### Work to be completed
Your output should consist of the lines from the first line of the records below through the one with "表3 自建与国标方法加标回收率和精密度比较(n=6)", exactly, minus the pictures.

### Dataset entries

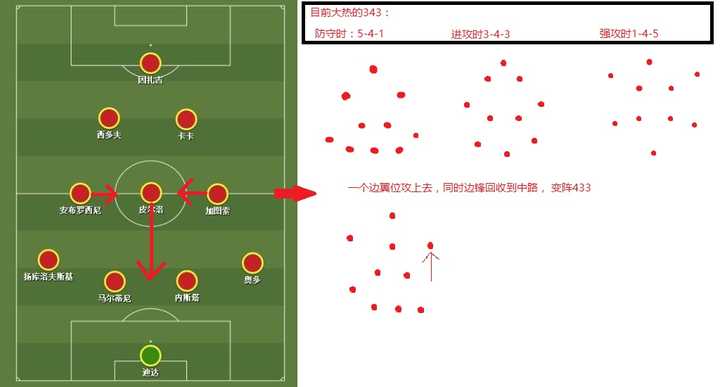 为什么ac米兰十年前经典的圣诞树阵型 4 3 2 1 在当今几乎绝迹 除了米兰外还有其他典型的例子吗 知乎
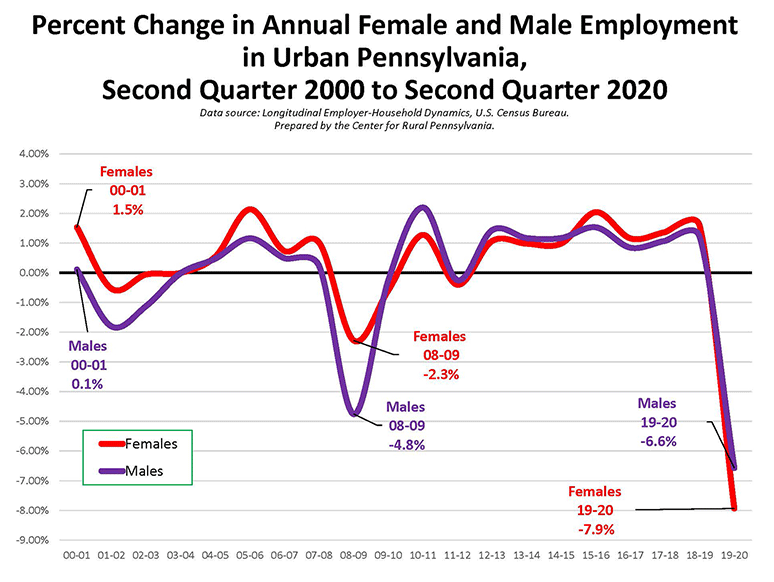 Chart: Percent Change in Annual Female and Male Employment in Urban Pennsylvania, Second Quarter 2000 to Second Quarter 2020
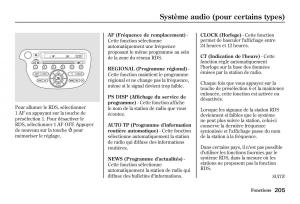 Honda-Jazz-II-2-manuel-du-proprietaire page 210 min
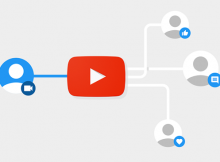 google-thay-doi-chinh-sach-quang-cao-sau-su-co-cua-youtube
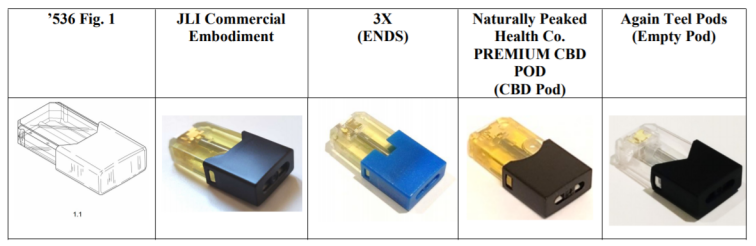 美國電子煙巨頭Juul Labs發起337調查，7家廣東企業涉案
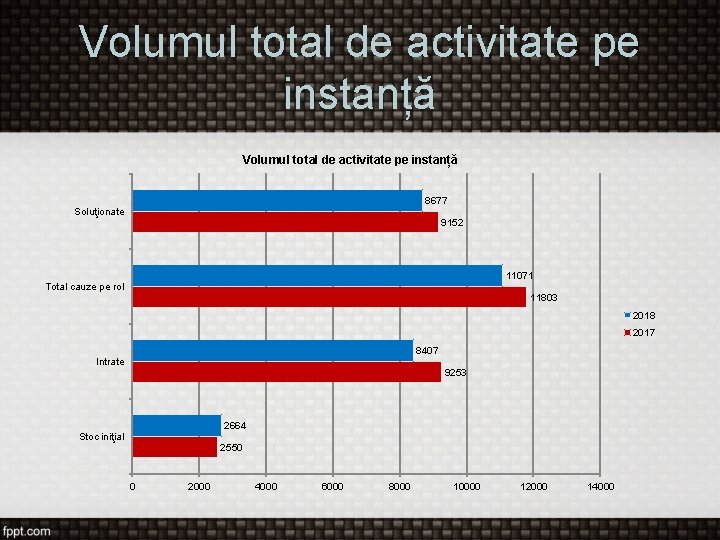 Volumul total de activitate pe instanță 8677 Soluţionate 9152 11071 Total cauze pe rol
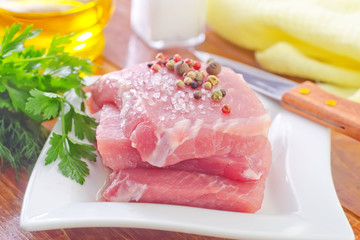 raw meat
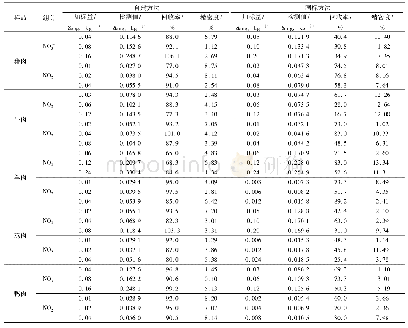 表3 自建与国标方法加标回收率和精密度比较(n=6)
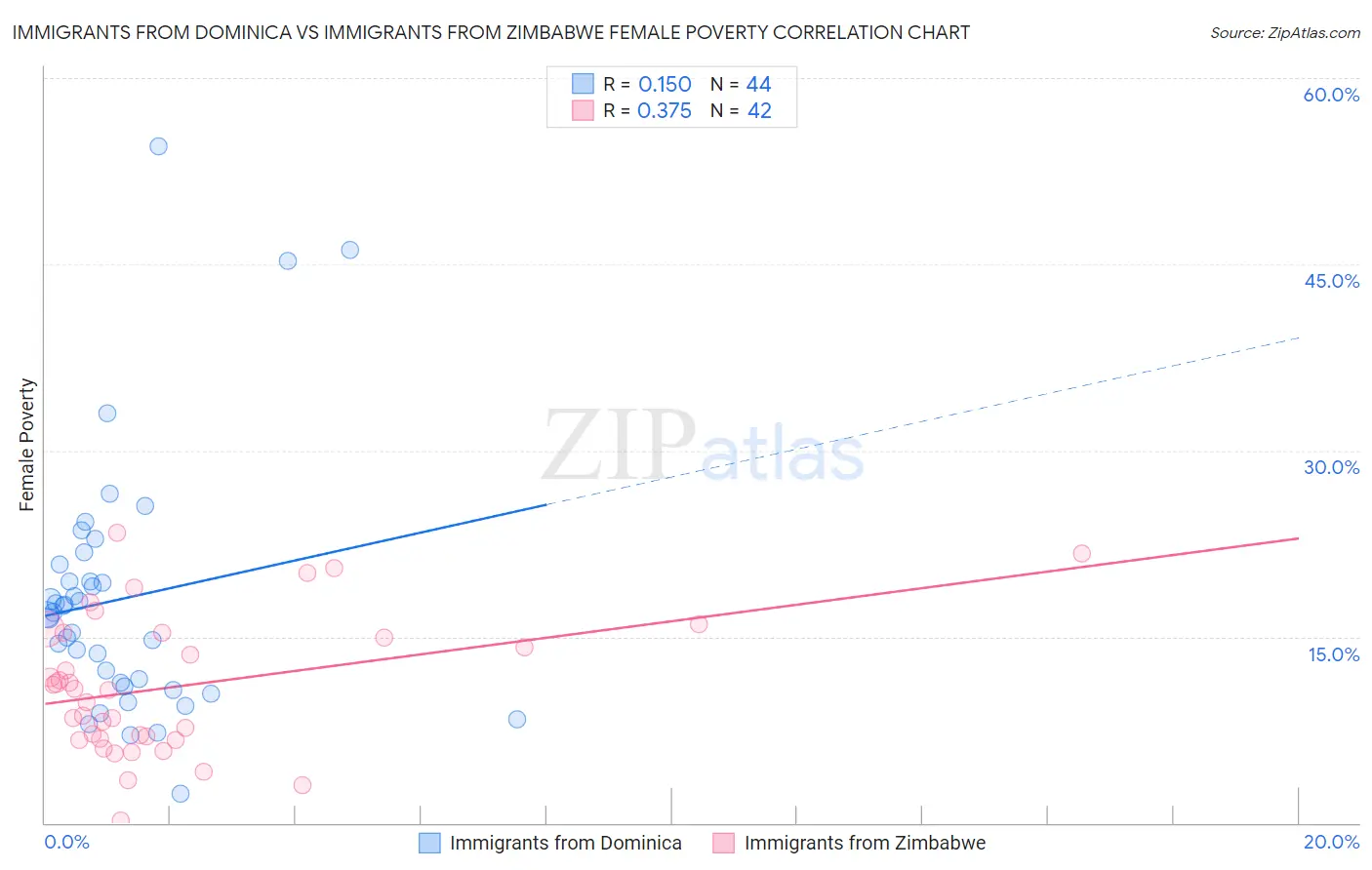 Immigrants from Dominica vs Immigrants from Zimbabwe Female Poverty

### Answer section
 为什么ac米兰十年前经典的圣诞树阵型 4 3 2 1 在当今几乎绝迹 除了米兰外还有其他典型的例子吗 知乎
 Chart: Percent Change in Annual Female and Male Employment in Urban Pennsylvania, Second Quarter 2000 to Second Quarter 2020
 Honda-Jazz-II-2-manuel-du-proprietaire page 210 min
 google-thay-doi-chinh-sach-quang-cao-sau-su-co-cua-youtube
 美國電子煙巨頭Juul Labs發起337調查，7家廣東企業涉案
 Volumul total de activitate pe instanță 8677 Soluţionate 9152 11071 Total cauze pe rol
 raw meat
 表3 自建与国标方法加标回收率和精密度比较(n=6)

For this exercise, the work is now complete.